Given a choice, do you like to be more of an introvert or extrovert?
I actually quite envy being an extrovert. They seem so fearless. I can easily spot a couple of colleagues who are of this type personalities and observing the way they talk and behave at meeting, I wish I could have some of their qualities. They are also often so fast, sharp and alert to react, and never fail to impress and with an air of effortlessness. While these are all true, but who knows yourselves better than you do. Over the years, as you learnt more about your weakness, strength. What you see and envied in others that are so-called extrovert qualities no longer becomes important. You accepted the ways you are and you are okay with it because you can equally achieve what the extrovert can achieve, with only just a little different in the impact and it does not matter because it is all about YOU. Therefore, I would be happy to be either, introvert or extrovert as both have their strengths. It is how to exploit them to bring out the BEST to serve your purpose in life.
0

My Introvert Experience (1)

Thursday, June 14, 2012

".. these are just observed human behaviors, which can always be reclassified in different ways."

There is something that occupied my mind in the past few days and I found hard to make logical sense of it. It was an article about introverts that I read. I just could not make up if I were more introvert or extrovert. I seem to exhibit both signs at different occasions. I could, however, associate with quite a number of points raised by Ms Marti Laney on her blog on coping with being introverts. For example, I don't talk a lot during meeting at work, yet, I could not engage long term letter writing to large extent to keep a friendship (that explain why I could not make friend easily on facebook if I had not known them in person before) I need occasional meet ups to feel real, and this is quite an extrovert trait.

According to the book, The Introvert Advantage, only 25% of the people are introverts and if so, then that explain why there is always an interesting focus on this group of people, In fact, there is even a book about "The Introverted Leader", showing how much this group of people had intrigued both writer and readers leading to development of general interest.

It is interesting how the human mind process information and stimuli they received when they took in information. Being introverts or extroverts will process and took in information differently with different effects on them.
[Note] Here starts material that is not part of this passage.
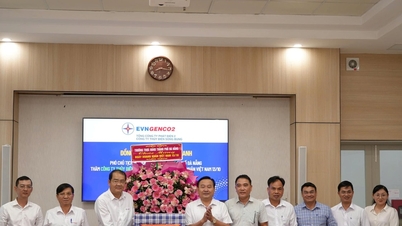 Lãnh đạo thành phố Đà Nẵng thăm doanh nghiệp tiêu biểu nhân Ngày Doanh nhân Việt Nam (13/10)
I am thinking that we are all borne into a human body that has memories of its own, in which we have no choice, but we have control, control how we want to react and act upon. However,  introverts and extroverts are observations by Carl Jung about human behaviours. And human being is just too complex to have simply one way of classification. Therefore, if we relate all behaviours to the root, which should be the working of the mind, and where the maintenance of a peaceful mind could often be helpful (through meditation, for example) and can help one to be happy and build strong healthy self-esteem which sometimes introverts suffer. This obviously could slowly address some of the weaknesses issues appropriately, without having to feel "let down" because we are introvert. That way, extrovert or introvert will all be on equal footing or strictly speaking, no longer relevant, as it will be the mind that we are all focused on and make the best of it for us all.